Pew Surveys Americans’ Trust in Use of Facial Recognition

Although numerous U.S. municipalities have decried facial recognition technologies as “coercive and oppressive,” 56 percent of ordinary U.S. citizens trust law enforcement to use the technologies responsibly. That’s one of the findings of the Pew Research Center, which also learned that 73 percent of those polled believe facial recognition can accurately identify people. The level of trust in law enforcement is surprising given recent incidents in which people have been incorrectly identified, even as terrorists.

Wired reports that Pew director of data labs Aaron Smith noted that, “Americans are generally willing to trade off digital privacy and civil liberties when those issues are framed in the context of general public safety or preventing things like terrorist attacks.”

But that level of trust varied by race and age. Whereas about 60 percent of white Americans trusted law enforcement with facial recognition, only 43 percent of black Americans did; 67 percent of those over 65 trusted law enforcement as opposed to 49 percent of those ages 18 to 29. Likewise, “registered Republicans responded more positively than registered Democrats.”

Trust in law enforcement to use facial recognition properly did not extend to other uses, with “only about a third of respondents trust[ing] technology companies with facial recognition and only 18 percent trust[ing] advertisers.” Smith said he found those disparities surprising because “the negative consequences of police incorrectly labeling someone as a possible suspect ‘are potentially much more profound than, say, an advertiser misidentifying you as someone else’.”

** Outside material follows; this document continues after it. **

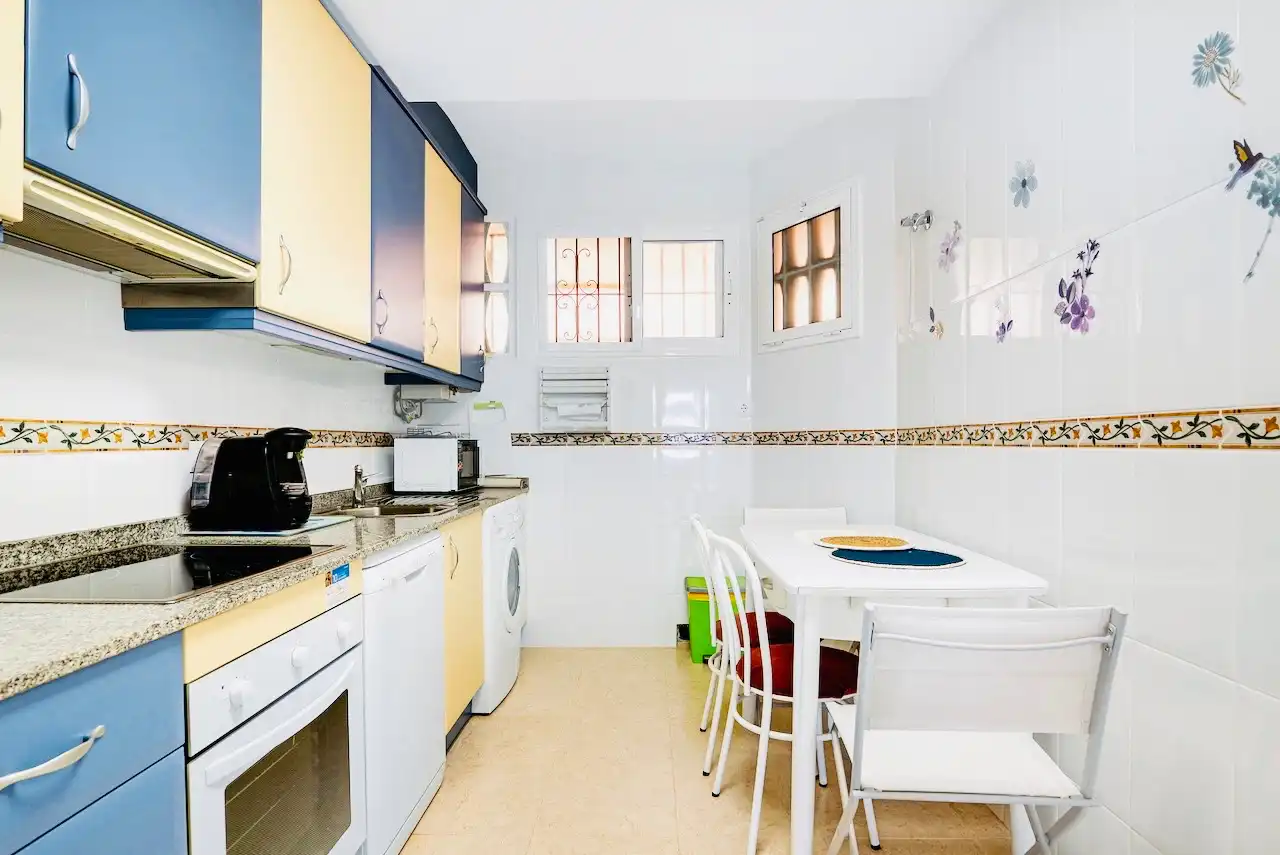Wohnung mit Aufzug zum Verkauf in Zona Pueblo, imagen 29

ACLU of Northern California lawyer Matt Cagle, who pushed for a ban on facial recognition in San Francisco, pointed out that, “the survey should have included more context about how the technology would be used.” “Once people know how invasive this technology is, once people know the flaws in many of these products, they reject it more than they initially did when they first heard about it,” he said.

Almost 75 percent of Americans also believed that the facial recognition is “at least somewhat effective” at identifying individuals and “just over 60 percent of Americans think the tools can effectively assess someone’s gender or race.” In fact, facial recognition systems often struggle to identify gender and race, with a 20 percent error rate in correctly identifying dark-skinned women.

The Pew Research Center survey also reported that 86 percent of Americans have heard about automated facial recognition technology, with 25 percent saying they have heard a lot about the topic.

Even though “U.S. law enforcement agencies are using state Department of Motor Vehicles records to identify individual Americans without their consent, including those with no criminal record,” 59 percent of those surveyed said, “it is acceptable for law enforcement to use facial recognition tools to assess security threats in public spaces.” The nationally representative survey was conducted June 3-17, 2019 with 4,272 U.S. adults.